A/B testing is the gold standard for understanding causation, not just correlation. Done right, it’s the engine behind compounding growth at the world’s best product companies.
What Is an A/B Test?
An A/B test (also called a split test or controlled experiment) is a randomised experiment where you expose two groups of users to different versions of an experience — a control (A) and a variant (B) — and measure which performs better on a predefined metric.
The Five Steps of a Good Experiment
1. Define Your Hypothesis
A good hypothesis has three parts: observation, proposed change, and expected outcome.

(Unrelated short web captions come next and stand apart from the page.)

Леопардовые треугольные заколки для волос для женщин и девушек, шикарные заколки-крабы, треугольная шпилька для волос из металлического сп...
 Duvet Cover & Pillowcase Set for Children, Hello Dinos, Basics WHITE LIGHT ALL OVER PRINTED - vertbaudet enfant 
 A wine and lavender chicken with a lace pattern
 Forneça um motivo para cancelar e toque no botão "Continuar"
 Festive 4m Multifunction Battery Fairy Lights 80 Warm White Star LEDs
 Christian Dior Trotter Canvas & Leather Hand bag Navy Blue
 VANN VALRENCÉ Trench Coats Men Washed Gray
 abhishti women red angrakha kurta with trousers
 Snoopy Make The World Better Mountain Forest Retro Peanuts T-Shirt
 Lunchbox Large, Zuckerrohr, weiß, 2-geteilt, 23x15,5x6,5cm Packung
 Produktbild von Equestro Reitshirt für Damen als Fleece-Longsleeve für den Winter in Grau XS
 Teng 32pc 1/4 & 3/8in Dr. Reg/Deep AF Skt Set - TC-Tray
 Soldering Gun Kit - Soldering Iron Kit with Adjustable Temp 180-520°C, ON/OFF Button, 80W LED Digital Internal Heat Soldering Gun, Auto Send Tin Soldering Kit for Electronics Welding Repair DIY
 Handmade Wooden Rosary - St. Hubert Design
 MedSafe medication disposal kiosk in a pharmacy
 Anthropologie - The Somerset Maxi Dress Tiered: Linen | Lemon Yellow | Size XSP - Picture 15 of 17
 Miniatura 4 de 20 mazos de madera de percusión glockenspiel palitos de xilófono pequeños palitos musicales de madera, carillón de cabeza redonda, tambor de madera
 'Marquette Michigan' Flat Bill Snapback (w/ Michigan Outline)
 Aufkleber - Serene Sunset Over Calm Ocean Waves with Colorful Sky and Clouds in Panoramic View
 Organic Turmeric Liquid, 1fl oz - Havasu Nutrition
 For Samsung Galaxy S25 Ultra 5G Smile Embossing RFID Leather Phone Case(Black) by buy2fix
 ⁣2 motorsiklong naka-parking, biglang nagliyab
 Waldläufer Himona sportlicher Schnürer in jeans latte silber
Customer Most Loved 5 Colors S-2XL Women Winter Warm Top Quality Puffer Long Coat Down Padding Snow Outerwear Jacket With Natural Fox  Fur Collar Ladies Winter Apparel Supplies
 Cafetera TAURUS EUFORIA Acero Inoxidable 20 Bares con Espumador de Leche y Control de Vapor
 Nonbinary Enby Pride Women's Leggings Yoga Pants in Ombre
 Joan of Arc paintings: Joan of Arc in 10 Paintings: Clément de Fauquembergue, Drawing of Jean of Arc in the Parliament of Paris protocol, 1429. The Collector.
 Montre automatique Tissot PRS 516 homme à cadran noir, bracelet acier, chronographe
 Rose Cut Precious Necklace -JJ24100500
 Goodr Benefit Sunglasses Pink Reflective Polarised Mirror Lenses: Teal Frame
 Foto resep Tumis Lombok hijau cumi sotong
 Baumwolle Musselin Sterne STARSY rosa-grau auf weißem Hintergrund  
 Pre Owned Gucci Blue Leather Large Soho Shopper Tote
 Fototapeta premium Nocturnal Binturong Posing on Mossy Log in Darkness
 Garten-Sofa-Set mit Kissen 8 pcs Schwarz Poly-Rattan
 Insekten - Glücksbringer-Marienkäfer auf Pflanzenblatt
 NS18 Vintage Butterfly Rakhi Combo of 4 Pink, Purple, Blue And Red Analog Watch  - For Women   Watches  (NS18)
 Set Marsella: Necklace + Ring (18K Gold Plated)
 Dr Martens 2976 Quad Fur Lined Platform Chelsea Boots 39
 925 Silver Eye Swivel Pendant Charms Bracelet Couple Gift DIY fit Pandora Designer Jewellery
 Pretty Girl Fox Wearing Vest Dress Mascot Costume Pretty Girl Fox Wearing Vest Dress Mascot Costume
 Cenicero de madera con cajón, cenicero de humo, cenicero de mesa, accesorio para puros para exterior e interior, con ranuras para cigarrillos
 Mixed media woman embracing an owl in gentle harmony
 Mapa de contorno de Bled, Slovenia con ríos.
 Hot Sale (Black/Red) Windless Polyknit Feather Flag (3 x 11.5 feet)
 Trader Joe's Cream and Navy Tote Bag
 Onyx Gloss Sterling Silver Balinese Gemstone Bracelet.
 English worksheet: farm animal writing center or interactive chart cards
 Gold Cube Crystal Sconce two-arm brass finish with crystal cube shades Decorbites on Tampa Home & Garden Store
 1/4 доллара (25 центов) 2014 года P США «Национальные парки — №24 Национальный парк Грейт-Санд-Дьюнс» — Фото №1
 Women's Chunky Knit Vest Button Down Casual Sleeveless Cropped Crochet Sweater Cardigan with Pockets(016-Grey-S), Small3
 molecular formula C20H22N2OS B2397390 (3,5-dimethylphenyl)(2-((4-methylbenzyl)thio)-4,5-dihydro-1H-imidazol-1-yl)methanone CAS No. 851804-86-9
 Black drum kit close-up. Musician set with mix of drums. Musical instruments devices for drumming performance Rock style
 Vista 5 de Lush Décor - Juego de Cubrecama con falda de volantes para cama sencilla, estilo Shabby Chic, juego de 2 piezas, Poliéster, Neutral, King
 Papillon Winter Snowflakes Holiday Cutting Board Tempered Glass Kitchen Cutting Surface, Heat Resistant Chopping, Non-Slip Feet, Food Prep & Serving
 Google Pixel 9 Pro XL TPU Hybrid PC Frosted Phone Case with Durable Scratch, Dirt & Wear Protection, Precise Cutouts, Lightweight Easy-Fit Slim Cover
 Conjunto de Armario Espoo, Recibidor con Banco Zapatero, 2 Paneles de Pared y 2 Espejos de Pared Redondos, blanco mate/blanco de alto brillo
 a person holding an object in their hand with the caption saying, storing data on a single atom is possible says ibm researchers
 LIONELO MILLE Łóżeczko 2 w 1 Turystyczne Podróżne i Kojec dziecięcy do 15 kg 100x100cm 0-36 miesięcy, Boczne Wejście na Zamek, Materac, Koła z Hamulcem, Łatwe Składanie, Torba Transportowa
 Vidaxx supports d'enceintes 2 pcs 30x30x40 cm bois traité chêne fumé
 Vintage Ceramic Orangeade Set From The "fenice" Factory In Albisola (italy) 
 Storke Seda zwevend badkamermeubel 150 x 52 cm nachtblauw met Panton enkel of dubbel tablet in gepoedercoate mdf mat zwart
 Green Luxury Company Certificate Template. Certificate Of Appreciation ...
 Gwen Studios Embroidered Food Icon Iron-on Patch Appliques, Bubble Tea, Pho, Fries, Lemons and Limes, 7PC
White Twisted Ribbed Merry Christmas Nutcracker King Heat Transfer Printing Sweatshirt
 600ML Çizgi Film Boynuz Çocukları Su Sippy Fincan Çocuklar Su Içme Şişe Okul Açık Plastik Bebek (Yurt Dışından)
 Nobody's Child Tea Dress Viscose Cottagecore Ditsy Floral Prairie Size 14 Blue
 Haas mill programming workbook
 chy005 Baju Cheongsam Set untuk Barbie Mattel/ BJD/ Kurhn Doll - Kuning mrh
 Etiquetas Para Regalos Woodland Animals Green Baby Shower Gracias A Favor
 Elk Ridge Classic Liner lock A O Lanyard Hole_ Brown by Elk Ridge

Example: “Because our pricing page has too much text, simplifying it to three bullet points per tier will increase free-to-paid conversion by 15%.“
2. Choose Your Primary Metric
Pick one metric that your test is designed to move. Having multiple primary metrics increases your false positive rate. Secondary metrics are fine to monitor, but shouldn’t drive the decision.
3. Calculate Sample Size
Before running your test, calculate how many users you need per variant to detect your minimum detectable effect (MDE) at your desired statistical power (typically 80%) and significance level (typically 95%).
Running tests before reaching sample size is the single most common mistake teams make.
4. Run the Test
Expose users to variants randomly. Do not look at results until you’ve hit your sample size — this is called “peeking” and inflates false positive rates significantly.
5. Interpret Results Correctly
Statistical significance does not mean practical significance. A result can be statistically significant (p < 0.05) but so small it doesn’t matter for your business. Always look at the effect size alongside the p-value.
Common Mistakes to Avoid
- Stopping early when you see a positive result
- Running tests too long (introduces time-of-week effects)
- Testing multiple things at once in a single variant
- Not segmenting results by device type, user plan, or acquisition source
- Ignoring novelty effects — new features often get a short-term lift that fades
Bayesian vs. Frequentist Testing
Most teams use frequentist testing (p-values, confidence intervals). Bayesian testing is increasingly popular because it lets you incorporate prior knowledge and gives more intuitive output (“there’s a 94% probability that B beats A”).
For most product teams, the choice of method matters less than the discipline of running tests correctly.